Familie/Bildung/Soziales: Hilke Lorenz (ilo)

Auch in Berlin wollen sich Harald Welzer (58) und Andre Wilkens (53), zwei der Mitgründer der Initiative Die offene Gesellschaft nicht mehr von deren Gegnern die Themen vorgeben lassen. Auch sie sind der Überzeugung, dass das Dagegensein viel zu viel Kräfte binde. Der neue Geist lasse sich vielleicht mit dem Slogan „Das Dafür ist das neue Dagegen“ beschreiben, frotzeln sie – und werden wieder ernst: „Die Vorstellung, dass alle Leute wütend sind und sich den ganzen Tag bedroht fühlen, muss mal aus den Köpfen raus“, sagt Welzer.
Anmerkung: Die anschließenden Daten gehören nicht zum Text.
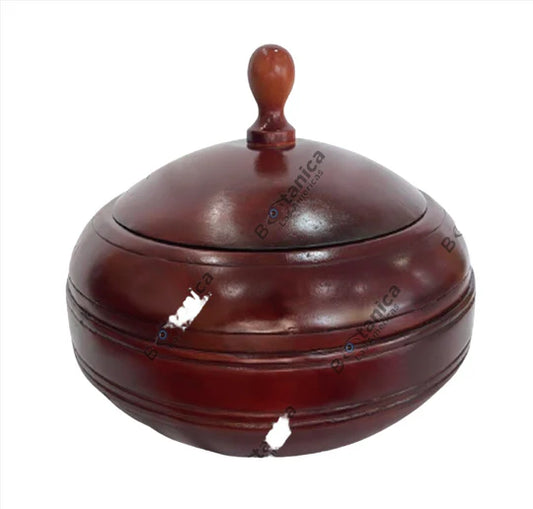 BATEAS DE MADERA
Bewusst haben sie die Schrift des Philosophen Karl Popper von den „Feinden der offenen Gesellschaft“ aufgegriffen. Aber genauso bewusst konzentriert sich ihre Arbeit auf die Anhänger des Lebens demokratischer Selbstverständlichkeiten. Etwa 2000 Freunde hat die Initiative, die wie #PulseofEurope daran arbeitet, sich als Verein zu konstituieren. Im Moment werden sie von der Robert-Bosch-Stiftung unterstützt. Aber ähnlich wie die Frankfurter leben sie trotz eines kleinen Büros organisatorisch von der Hand in den Mund.

 

„Für mich war es eine Sternstunde der Demokratie, als im Spätsommer 2015 ein ganzes Volk so reagiert hat, wie es sich ein Gemeinschaftskundelehrer gewünscht hätte“, sagt Welzer und beschreibt den Moment, als ihm klar wurde, dass dieses positive Gefühl bewahrt werden müsse. Als die Flüchtlinge in großer Zahl kamen, hätten die Menschen gezeigt, dass sie aus der deutschen Geschichte gelernt hätten. „Es war ihnen wichtig, auf der richtigen Seite zu stehen“, sagt er. Demokratie stärken heißt für ihn auch, Menschen in Gesprächen in ihrer Haltung zu stärken. „Wenn die gesellschaftliche Spannung größer wird, ist das nicht die Stunde der Eliten, das ist die Stunde der Bürgergesellschaft.“

Der 17. Juni als Tag der offenen Gesellschaft feiern

„Es ist cool, dafür zu sein“, sagt Andre Wilkens, der in Potsdam aufgewachsen ist. Der Autor hat für das Flüchtlingshilfswerk der Vereinten Nationen in Genf gearbeitet und zuvor für die EU. „Mein Vater hat mich 1991 mit dem Lada nach Brüssel gefahren“,, erinnert er sich. Für Andre Wilkens ist Demokratie nicht nur Kopfsache, sondern wie für die Menschen in Frankfurt ein Lebensgefühl. Für ihn bedeutete das Ende der DDR endlich wählen, offen denken und auch einfach losfahren zu können und an keiner Grenze anhalten zu müssen. Am Dienstag wird er im Stuttgarter Staatstheater um 19 Uhr bei einer Diskussionsrunde „Brauchen wir die EU wirklich?“ vielleicht von diesem Gefühl erzählen.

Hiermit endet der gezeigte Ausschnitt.